In his initial work, Kauer relied on Cheetah PCI cards from Catalina Research, now a subsidiary of defense contractor DRS Technologies. The cards were capable of 4.774 gigaflops when performing a 64K complex FFT, but required Kauer to use Sun Sparc workstations, a relatively expensive option, he says.
Currently, Kauer’s group, now at the University of Applied Sciences in Emden, Germany, is working with DoubleBW Systems, a subsidiary of Eonic based in Delft, the Netherlands. Eonic not only offers a faster FFT accelerator at a lower price that even works with regular PCs, he says, but is also designing a system that will allow Kauer to store the entire human genome in a huge RAM, a configuration that will eliminate the bottlenecks associated with accessing genome data stored in a hard drive. “We are looking forward to the time when we will analyze the whole genome in a blink of the eye,” Kauer says.

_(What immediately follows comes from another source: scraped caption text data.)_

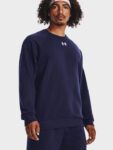 Under Armour Rival Fleece Crew Ανδρικό Φούτερ Λαιμόκοψο 1379755-410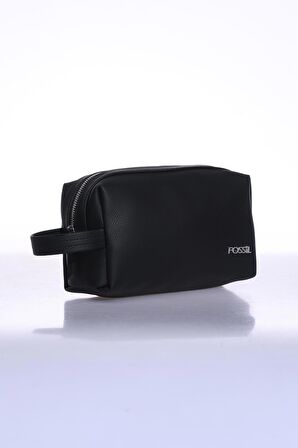 Fossil 01FS2041-S Siyah Erkek Traş Çantası ve Portföy
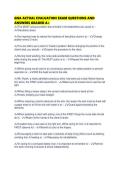 GNA ACTUAL EVALUATION EXAM QUESTIONS AND ANSWERS GRADED A&period;pd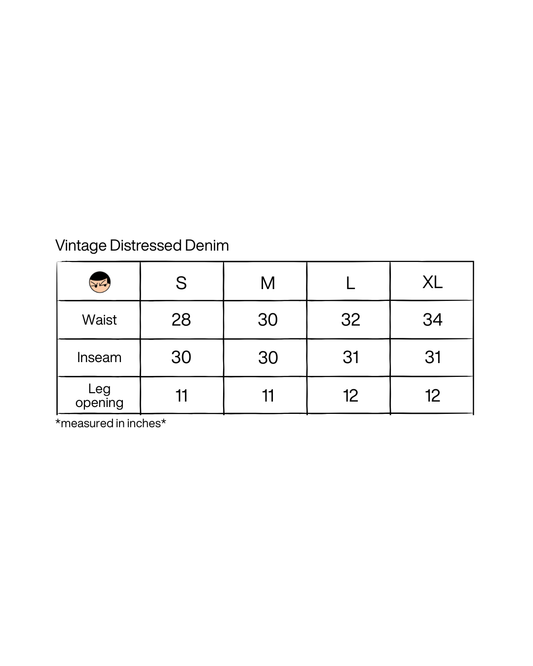 Vintage Distressed Denim
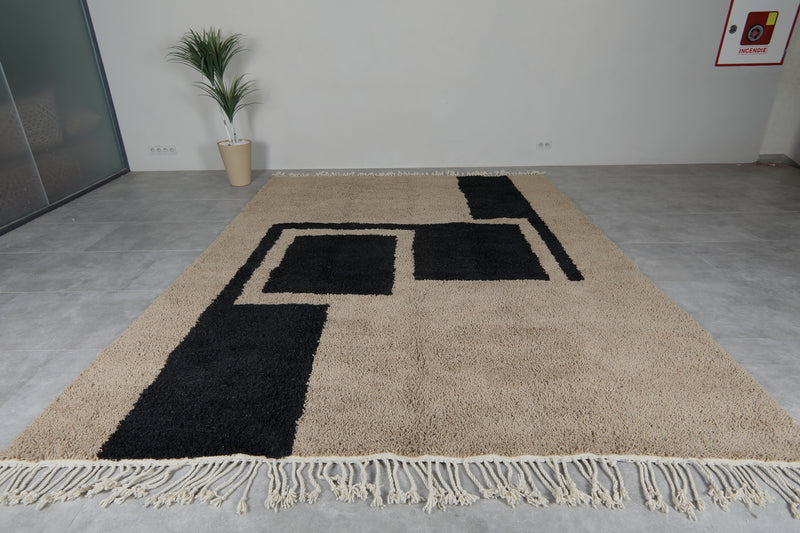 Handmade Wool Rug 9 feet x 12 feet - moroccan rug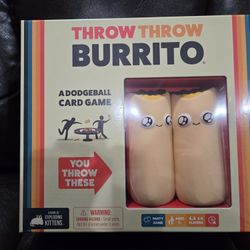 New Sealed exploding kittens throw throw burrito family board game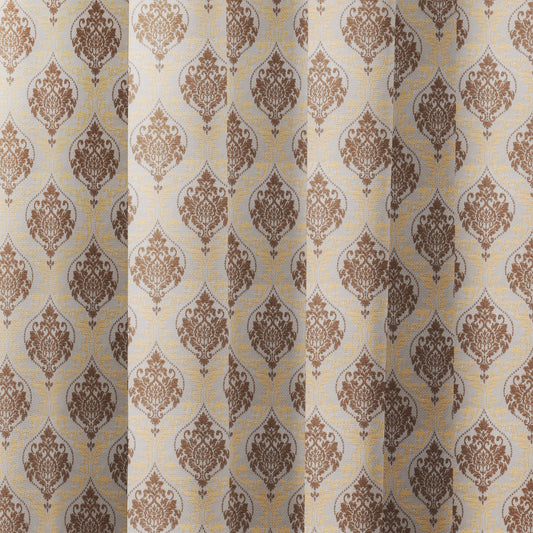 Curtain Street - IPL Harlequin Curtain (62001) Coffee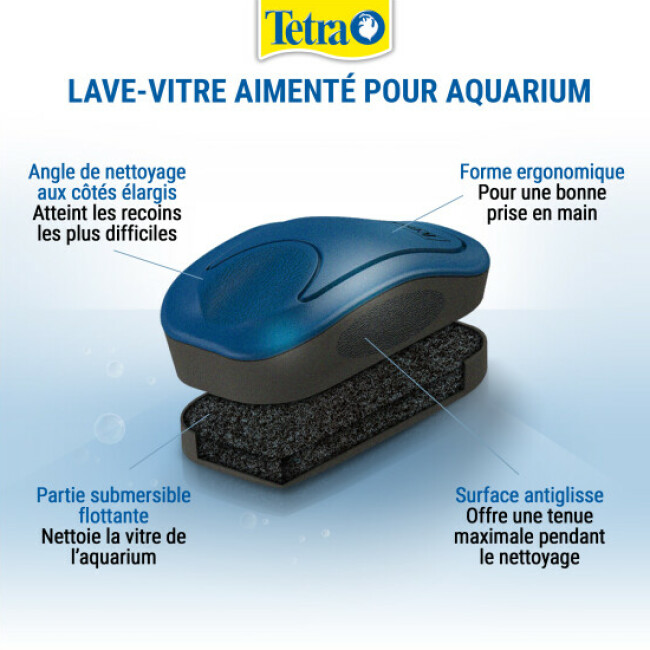 Lave-vitre aimanté Tetra Magnet Cleaner pour aquarium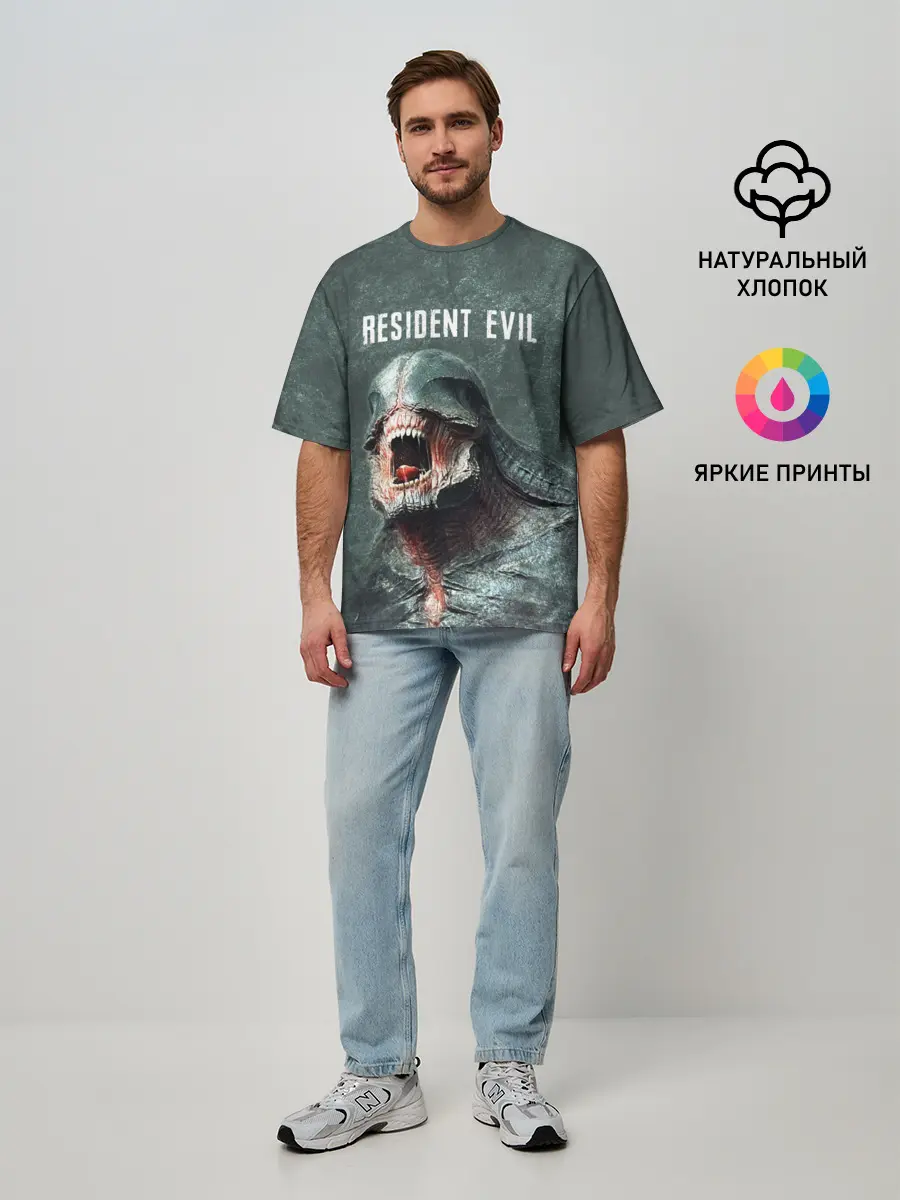 Мужская футболка оверсайз / RESIDENT EVIL 2 | РЕЗИДЕНТ ЕВИЛ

Kauer completed his move from Braunschweig to Emden in March, and has $1.7 million in funding from German funding agencies to pursue his work. In addition, Kauer says his new university is home to many researchers with significant expertise in signal processing, giving him many opportunities to collaborate with researchers outside of biology. “There are a lot of cool experts joining this idea now, and they are really enthusiastic,” Kauer says. “The group I am able to involve in these new technologies has grown, and they are really experts on these things, while I am just a biologist.”
Ride Your Own Wavelet
Currently Kauer is expanding into wavelet analysis, a more powerful approach to analyzing signals than FFT. Working with FFT requires the user to keep a large amount of data on the computer and deal with several tricky algorithms that complicate optimizing the speed of the analysis, Kauer says, while wavelet analysis is much faster and more elegant.
Essentially, wavelet analysis, otherwise known as wavelet bootstrapping or wavestrapping, allows researchers to transform DNA data into a more nuanced signal than in FFT. “With wavelet analysis you are able to jump on the signal and just make a ride, like surfing on a wave,” Kauer says. Hardware issues are minimal, he adds, because his new Eonic PC cards can be reprogrammed for wavelet analysis.

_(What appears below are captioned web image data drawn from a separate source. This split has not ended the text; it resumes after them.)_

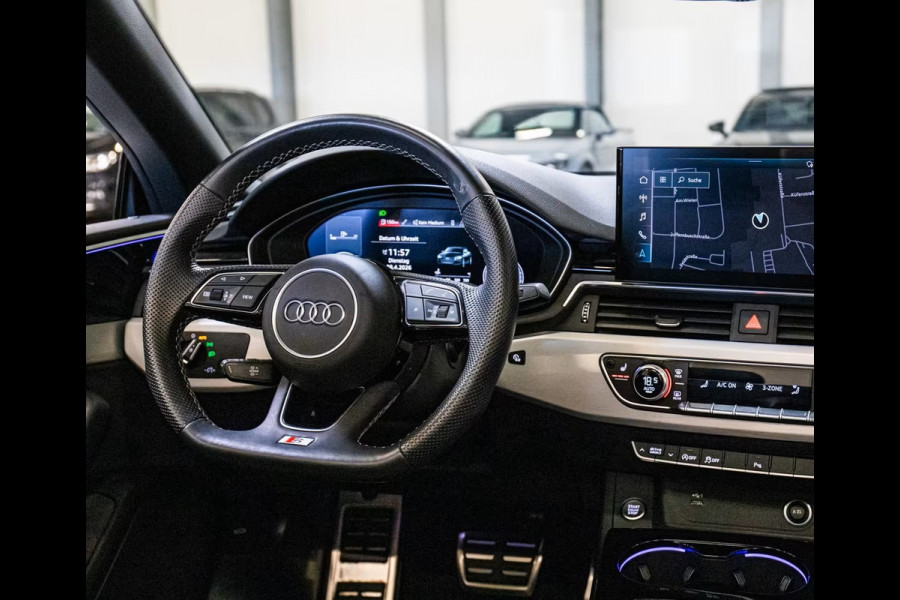 Audi A5 Cabriolet 40 Tfsi S-Tronic (150kW/204pk) ** MATRIX, VIRTUAL, 3-zone AIRCO, 20-inch LMV, MASSAGE ** Vol. AUDI Onderh. - UNFALLFREI ** ** INFORMEER OOK NAAR ONZE AANTREKKELIJKE FINANCIAL-LEASE TARIEVEN **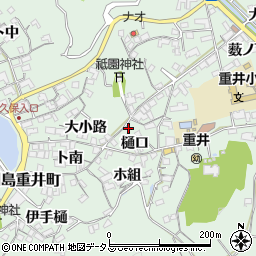 広島県尾道市因島重井町2953周辺の地図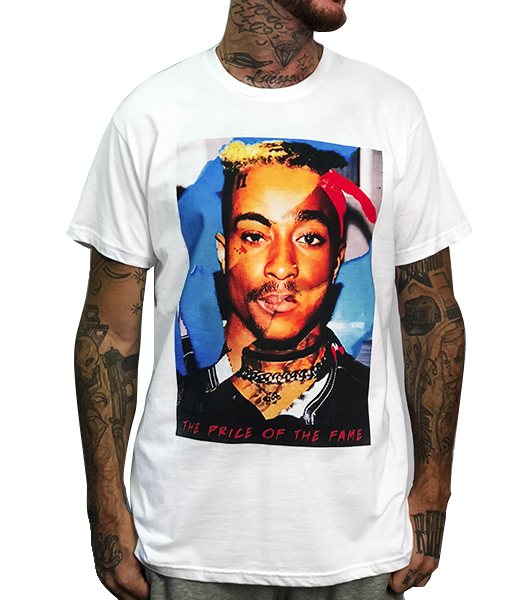 Camiseta XxxTentacion Tupac Blanca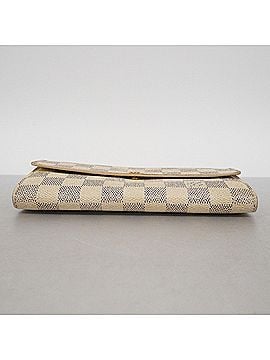 Louis Vuitton Louis Vuitton Damier Azur Portefeuille Sarah Long Wallet N61735 White Women's (view 2)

But equally high on the agenda is the desire to make this kind of analysis more easily accessible to researchers involved in studying genome data. In the near term, Kauer says, while the hardware remains somewhat expensive, colleagues at the university are developing Java programs to create a network interface for outside researchers to use his system over the Web. In the long run, if the cost of hardware continues to decline, there’s no reason why other groups couldn’t build their own systems for using signal theory to analyze biological data.
So far, however, Kauer, along with his former advisor Helmut Blöcker at Braunschweig, are among the very few who have taken up this type of approach to analyzing gene and protein data. “Because the methodology I developed was so unique, but it’s too arrogant to say unique — I was the first one who did it — 99 percent of the people I talked to told me, ‘I don’t understand, go away, leave me alone.’” Kauer says. “’Ouch’ was the loudest shout!”